» **Instructions to follow**: Pictures aside, return all of the records exactly as they stand.

[Scraped caption text data]
○ ○ ○ ○ ○ ○ ○
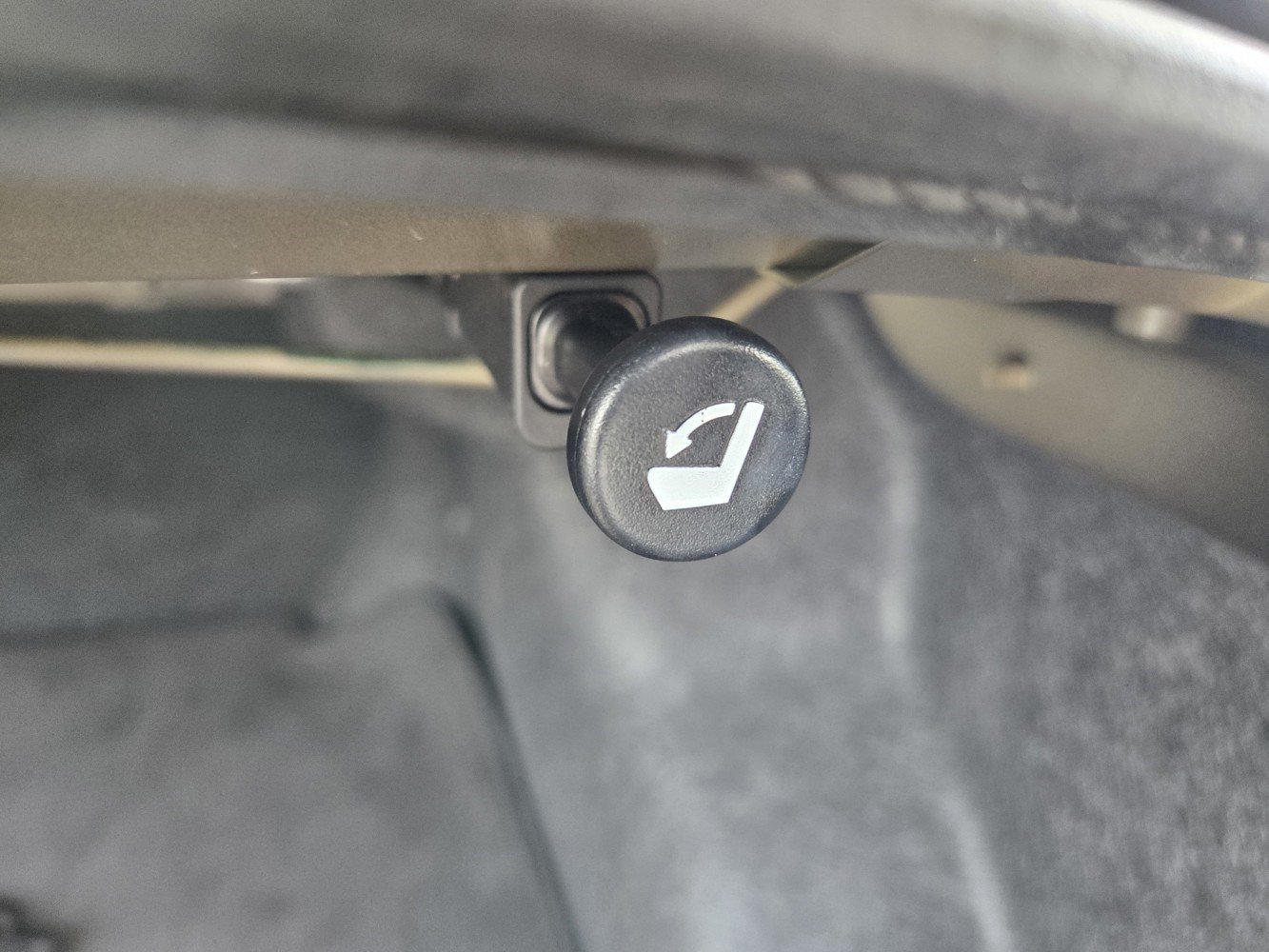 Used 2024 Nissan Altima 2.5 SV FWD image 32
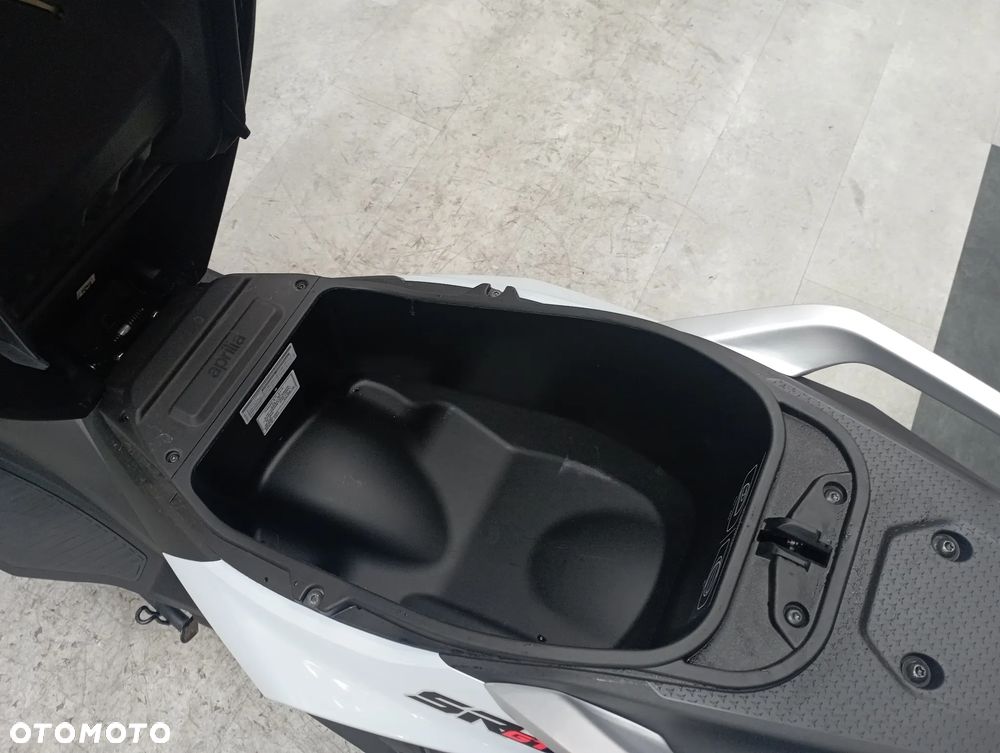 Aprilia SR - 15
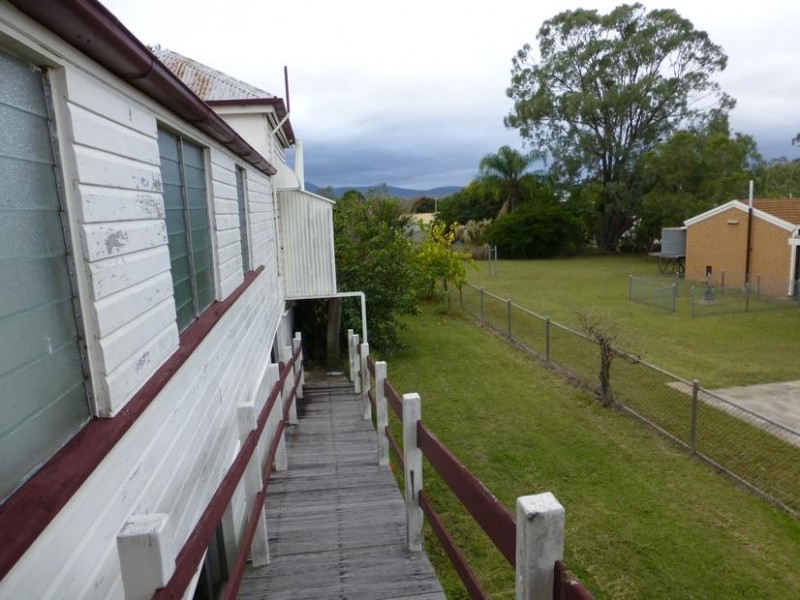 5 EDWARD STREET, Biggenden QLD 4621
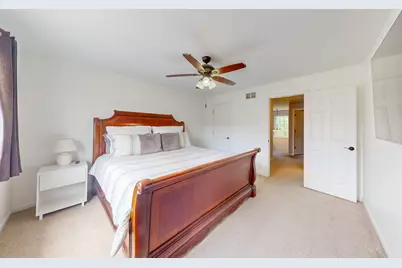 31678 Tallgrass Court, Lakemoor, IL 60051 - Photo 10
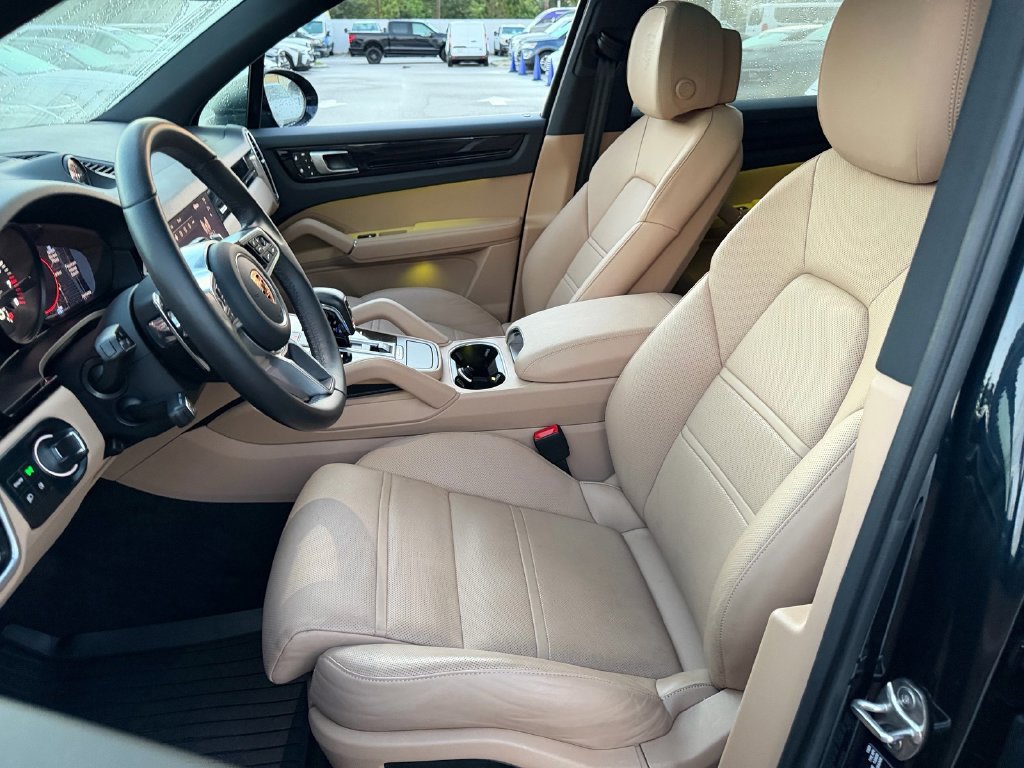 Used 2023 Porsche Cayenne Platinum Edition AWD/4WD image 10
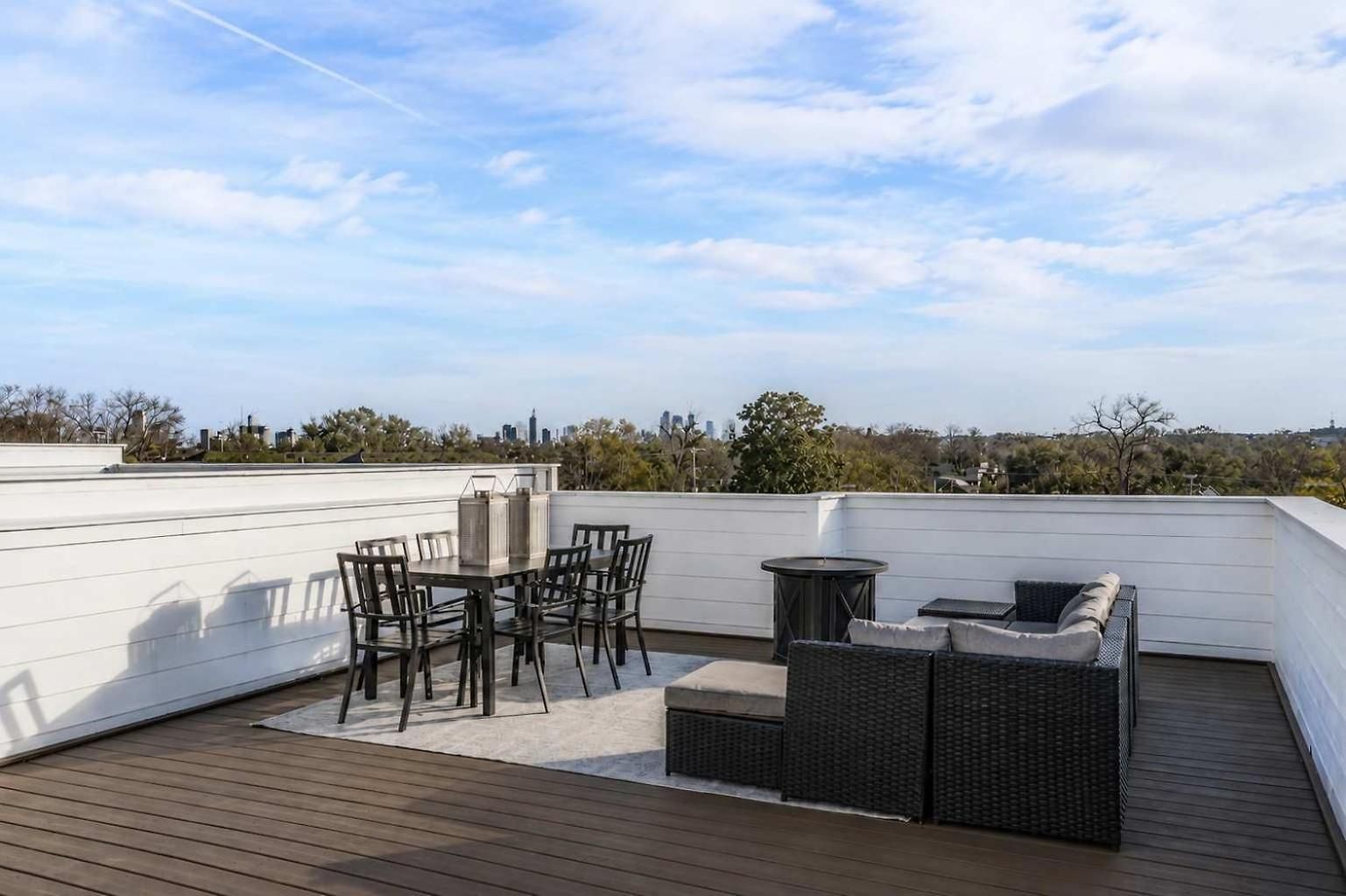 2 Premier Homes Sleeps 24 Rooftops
○ ○ ○ ○ ○ ○ ○
» **Solution to this exercise**:
 Used 2024 Nissan Altima 2.5 SV FWD image 32
 Aprilia SR - 15
 5 EDWARD STREET, Biggenden QLD 4621
 31678 Tallgrass Court, Lakemoor, IL 60051 - Photo 10
 Used 2023 Porsche Cayenne Platinum Edition AWD/4WD image 10
 2 Premier Homes Sleeps 24 Rooftops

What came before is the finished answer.